This was the first year of the European League (minus the strong Swedish, Yugoslav, and Romanian teams). It was won, despite an unexpected 3-4 loss to England, by Russia (5-1; 32-10 in Games W/L) over Czechoslovakia (5-1; 31-11 in Games W/L). However, at the Feb. 29-Mar.2 English Open, the Russian Men’s team of Stanislav Gomozkov, Europe #1 who can’t be more than 20, and Anatoly Amelin, only 21, were beaten 3-2 by Istvan Korpa, the #1, and Dragutin Surbek, the #2, Yugoslav players—this despite the fact that “Moscow University engineering student” Gomozkov had won the Singles (over Hungary’s Istvan Jonyer, Matyas Beleznai, and Peter Rozsas) and with Zoya Rudnova the Mixed (over this season’s highly successful pair, Denis Neale/Mary Wright). No surprise then that Korpa/Surbek were powerful enough to take the Men’s Doubles from the Romanians Dorin Giurguica/Radu Negulescu.

In this 6th European Championships in Lyon that Shazzi was watching, the Russian men lost the Team’s to the Swedes (3-5)—Hans “Hasse” Alser at this point, Shazzi said, was playing marvelously. Also representing Sweden on this winning Team was one, Stellan Bengtsson II (the second Stellan Bengtsson to play for Sweden), known, says Rufford, “because of his size and age (about 14) as Mini-Stellan.”

However, neither the Russians nor the Swedes could win the Men’s Singles—that went to unseeded Surbek (SHOOR-beck) who powered through Germany’s Eberhard Schoeler, Hungarian Open winner Beleznai in 5, and, before downing Hungary’s “modern defender” Janos Borzsei 18 in the 5th in the final, Sweden’s Alser. Suddenly, said Shazzi, the Swede “looked nervous and played terribly.” But, hey, she said as much about Gomozkov whom she didn’t see lose those League matches to England…or win the English Open. Gomozkov, she said, “Doesn’t look so good. Doesn’t play a smart game, gets rattled.” Uh-huh—but, oh, that backhand.

By way of explanation for his loss to Surbek, Hasse, who’d eliminated “Yardo” Stanek, told Rufford that “he can play against hitters and choppers…but not against spinny players like himself.” Sweden’s Kjell Johansson also lost to Borzsei in 5. Shazzi said that in the final of the Men’s Doubles the World Champion Swedes “played incredibly badly” in losing to the unseeded Yugo team of Edvard Vecko/Anton “Tova” Stipancic (STIP-an-chitch).

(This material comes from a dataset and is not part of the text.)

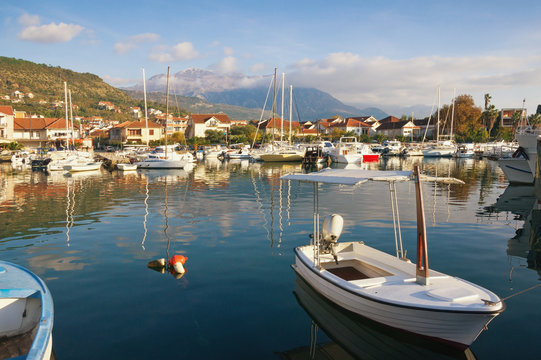 Fishing boats in harbor.  Marina Kalimanj  in Tivat town on a sunny autumn day with Lovcen mountain in the background. Montenegro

At the earlier English Open in Brighton, all four Women’s quarter’s matches had gone 5 games—it was Romania’s Eleanora Mihalca over Hungary’s 1958, ’60, and ’64 European Women’s Champion Eva Koczian; 23-year-old Svetlana Grinberg over England’s Wright; Hungary’s Erzebet Juric over the Czech Marta Luzova; and Romania’s Defending European Champion Maria Alexandru (from down 2-0) over Russian penholder Rudnova. Shazzi says Rudnova “looks terrific, but can get nervous.” Especially when she’s ahead? For, says Shazzi, she’s the “best player from behind I’ve ever seen.” Mihalca, the surprise winner, won the three close games that allowed her to beat Grinberg in the semi’s and Alexandru in the final. Grinberg/Rudnova also came up short in Women’s Doubles when Luzova and Jitka Karlikova Czechmated them, 3-2.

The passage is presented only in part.